What you are asked to do:
Write out only the lines from the line that holds "Sehr gepflegtes großzügiges" to the end of the listing below, inclusive, with the pictures omitted.

Collected data:
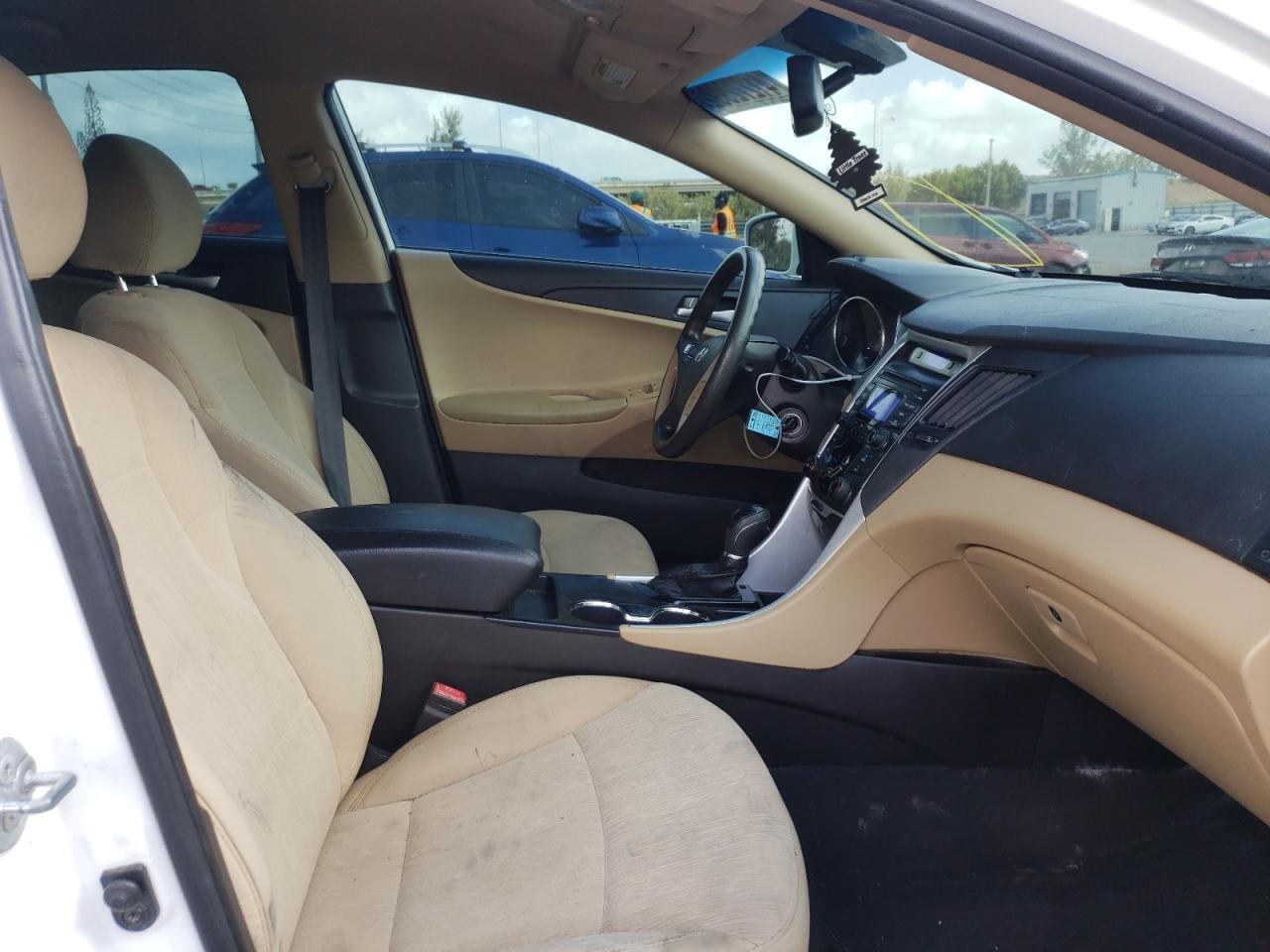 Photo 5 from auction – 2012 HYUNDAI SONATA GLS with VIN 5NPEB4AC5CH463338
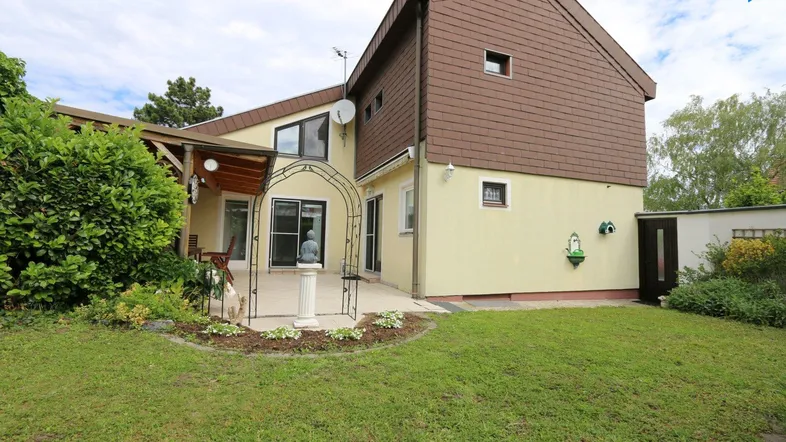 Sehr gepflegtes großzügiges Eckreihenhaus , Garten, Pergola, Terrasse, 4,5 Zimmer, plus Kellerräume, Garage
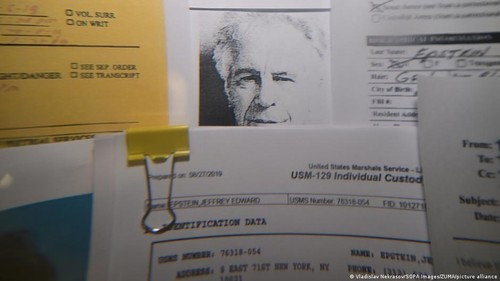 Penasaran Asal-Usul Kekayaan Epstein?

Your solution:
 Sehr gepflegtes großzügiges Eckreihenhaus , Garten, Pergola, Terrasse, 4,5 Zimmer, plus Kellerräume, Garage
 Penasaran Asal-Usul Kekayaan Epstein?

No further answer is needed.